An example of a Parliament wiping its feet on the door-mat of Catholic doctrine occurred in allegedly-“overwhelmingly Catholic” Malta,47 which decided to award legal ‘marriage’ status to relationships between same-gender couples. Consequential bureaucratic changes of terminology were to follow: ‘husband,’ ‘wife’, ‘father’, and ‘mother’ being replaced by genderless expressions which are acceptable to the now-omnipotent ‘equality’ zealots. As in the ‘modern, tolerant’ Britain of Tony Blair, David Cameron, and Theresa May, and elsewhere, these moves are predictable and perversely-logical developments from legal ‘civil partnerships’ and same-gender adoption of children.
The decision in allegedly-‘Catholic’ Malta followed soon after the unsurprising similar decision in cosmopolitan Germany. It must have been unsurprising at least to people who take notice of what is happening beyond their own mini-‘world’. Some of them will have remembered, for example, that the German Catholic bishops explained to the Pope in 2014 that Church teaching on sex and marriage is “virtually never accepted, or expressly rejected” by the vast majority of German Catholics.48 Similarly unsurprising was the revelation to the Pope by the Dutch bishops in 2013 of details showing that in Holland the Church is facing almost a complete collapse;49 the Pope told them to avoid “proselytism” and to focus on “attraction” by presenting counter-cultural truths and attitudes “as the key to the good of humanity and social development.”50
A few days after the disaster in Malta, Pope Benedict mentioned the Church’s being “on the verge of capsizing.”51 How has this international crisis come about? By a combination of multiple contributory factors, each of which could lead to extremely lengthy and absorbing research by people who have the time and resourcefulness required.
Indications of the corruption of thinking in Malta were provided by a BBC News article52 which appeared to gloat about what had been happening there and to look forward hopefully to the sweeping away of Malta’s law against abortion. Quoting a journalist from a Maltese newspaper, the article suggested that the process began after Malta joined the European Union in 2004, because travelling and studying in Europe ‘opened the minds’ of Malta’s young people (did such studying and travelling begin only after Malta joined the EU?!). Mankind’s problems began when minds were opened. “[T]he serpent said to the woman, …God knows that when you eat of [the forbidden fruit] your eyes will be opened, and you will be like God, knowing good and evil. So…she took [it] and ate; and…gave some to her husband, and he ate. Then the eyes of both were opened…”53
According to the article, the first target for change was divorce. Malta was one of only two countries (the other being The Philippines) in which divorce was not allowed. That was changed after a referendum in 2011. The Maltese journalist was quoted by the BBC article as having said that the referendum “changed everything,” in the sense that it “lifted the lid” on the pressure which had been growing, that people saw the chance of other possibilities, and that the process accelerated when the Labour Party took power in 2013 (the article listed examples of relevant legal changes).
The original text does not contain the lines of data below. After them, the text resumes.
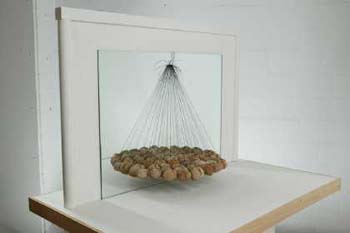 Ken Unsworth, Suspended Stone Series - Half Circle Mirrored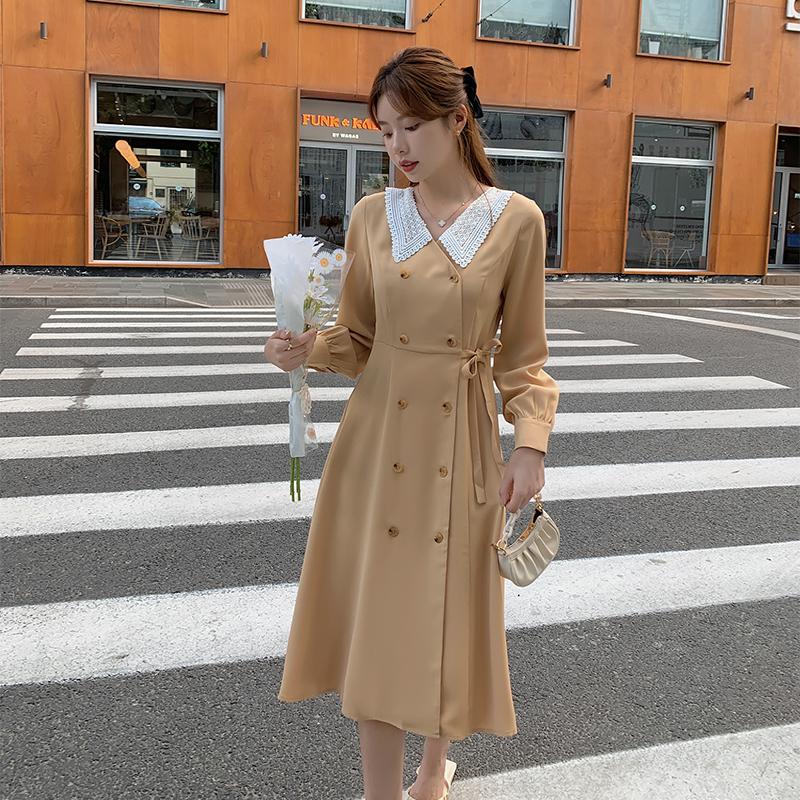 Casual Dresses Autumn Formal Dress Solid Color Stitching Lace Lapel Waist Long Sleeve 2021 Elegant Slim Party, Black
Casual Dresses Autumn Formal Dress Solid Color Stitching Lace Lapel Waist Long Sleeve 2021 Elegant Slim Party, Black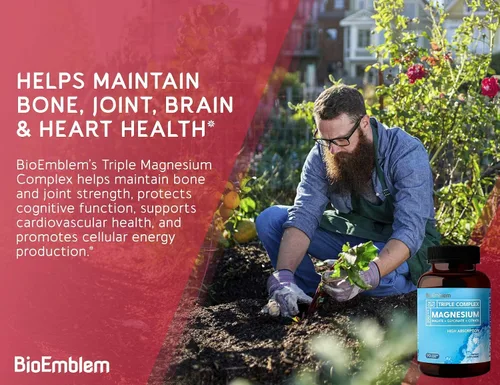 Vista 7 de BioEmblem Triple Magnesio Complejo y Curcumina de Cúrcuma BioEmblem con TurmiPure estudiado clínicamente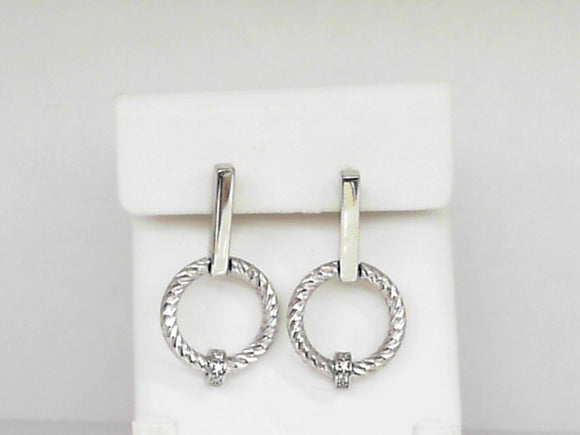 Sterling Silver Dangle Diamond Cut Circle Post Earrings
Some observers of events since the 1960s will not be surprised by that, because it has been very noticeable that wherever ‘left-wing’ Parties have gained power they have by law defied recognisably-Catholic moral principles. In Malta it has not made any difference who was in power. The Prime Minister said, according to the BBC News report, that legalising same-sex ‘marriage’ showed that Malta’s “democracy and society have reached a level of maturity” (so contradicting God’s law is ‘mature’!), and the Opposition Party Leader said that the vote put Malta “on the right side of history” (being on the right side of God is far more important). Even where demonstrably-anti-Catholic Parties have lost power, Catholic laws have not been restored. When ‘permissive society’-architect Roy Jenkins, the Home Secretary in Britain’s Labour Government in the 1960s, was interviewed many years afterwards and reminded of the relevant controversial proposals which he had helped into law, he smiled and answered that none of them had been repealed. That has been the case even in countries in which the population contains allegedly a statistical majority of Catholics, and even if a new Government contains a majority of alleged Catholics.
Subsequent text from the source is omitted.